Cosas que debes tener en cuenta si no quieres que la ira se desate en tu interior

Cómo controlar el enojo

Está bien contar con algunas técnicas de relajación como las que te hemos mencionado para aprender a controlar la ira una vez que se desata, pero el verdadero mecanismo para decirle adiós al enojo y a la irritabilidad es saber cómo gestionarlos antes si quiera de que puedan empezar a tomar forma. Anota las siguientes estrategias:

+ Despídete de la premisa ganador/perdedor

Seguro que te ha pasado alguna vez: estás en casa con tu familia, todos reunidos jugando a algún juego de mesa. Os divertís, lo pasáis en grande, pero de repente pierdes el juego y una emoción que ni tan siquiera esperabas se despierta en ti: es nuestra queridísima ira. En ese momento ya no habrá quien te pare y la fantástica velada se convertirá en una noche de pesadilla.

Esto puedes evitarlo. ¿Cómo? Eliminando de tu cabeza la mentalidad de los ganadores y los perdedores. Lo importante es que has pasado un momento agradable y feliz junto a tus seres queridos. Lo irrelevante es el hecho de no haber conseguido tus objetivos o el que las cosas no hayan salido como tú esperabas. Otra vez será, ¿no crees?

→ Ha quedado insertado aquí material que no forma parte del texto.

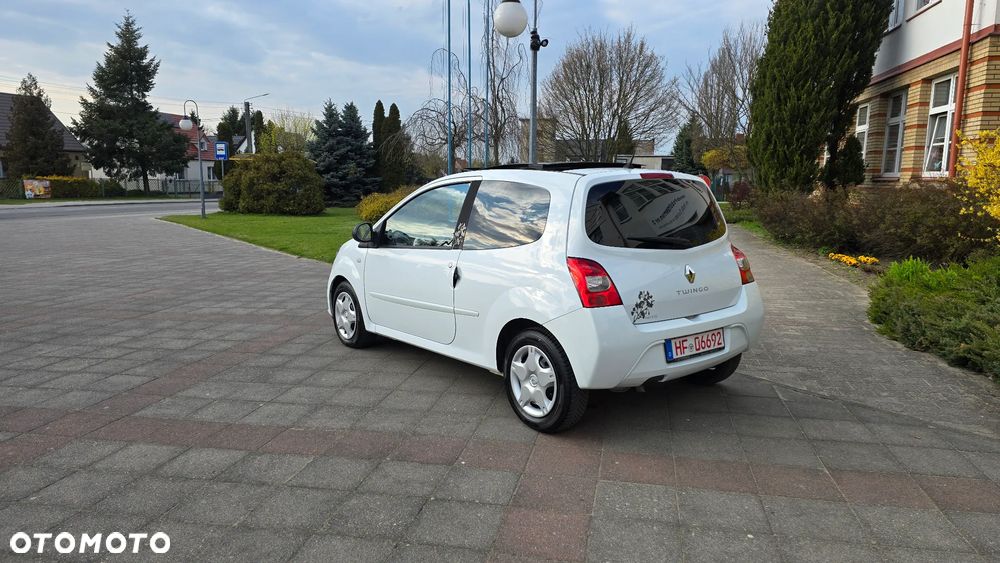 Renault Twingo - 37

+ Párate un segundo a pensar en las razones por las que estás irascible

¿Por qué has reaccionado con tanta agresividad esta mañana cuando ibas conduciendo tu coche? ¿Por qué has tenido un arrebato de ira con el conductor de al lado? ¿Quizá has tenido un mal día? ¿Crees que de verdad tiene importancia enfadarse por ello? ¿Has pensado en las consecuencias que podría tener un episodio de ira mientras conduces? Hazte todas estas preguntas y probablemente puedas empezar a ver las cosas desde una perspectiva mucho más realista.

+ Descansa el tiempo recomendado

Ya sabes eso que dicen los médicos y especialistas de que debemos dormir 8 horas diarias. No te saltes esta recomendación. Cuando estamos agotados (tanto física como emocionalmente), nuestra tendencia al enojo aumenta, nuestras reacciones son muchísimo más agresivas y nuestras herramientas para aprender a gestionar las emociones se reducen.

+ Aléjate de aquellas situaciones o personas irritantes

Lo sabemos, a veces por más que quieras no puedes controlar tu ira ante determinadas situaciones o personas. Lo has intentado, pero resulta imposible. No pasa nada, hay otro factor que también puede entrar en juego y al cual hay que tener en consideración. Quizá estés rodeada de personas tóxicas que lo único que consiguen es amargarte el día a día.

Lo mejor que puedes hacer es alejar a esas personas de tu vida o, en el caso de que no puedas (por ejemplo si es tu jefe o alguien de tu familia), al menos tratar de evitar las situaciones en las que sepas que te van a sacar de quicio y no vas a poder controlar tu ira.

+ Terapia psicológica

Si tus ataques de rabia o ira son constantes, puede que haya llegado el momento de buscar ayuda profesional. No tiene nada de malo acudir al psicólogo para aprender a gestionar nuestras emociones. Él te ayudará a modificar esas actitudes que te están generando enfado y podrás afrontar las cosas desde la calma y la tranquilidad.

¿Y tú? ¿Sientes a menudo rabia o enojo? ¿Qué técnicas utilizas para relajarte? Cuéntanos tus métodos en los comentarios. ¡Podrás ayudar a otras lectoras y otras lectoras te ayudarán a ti!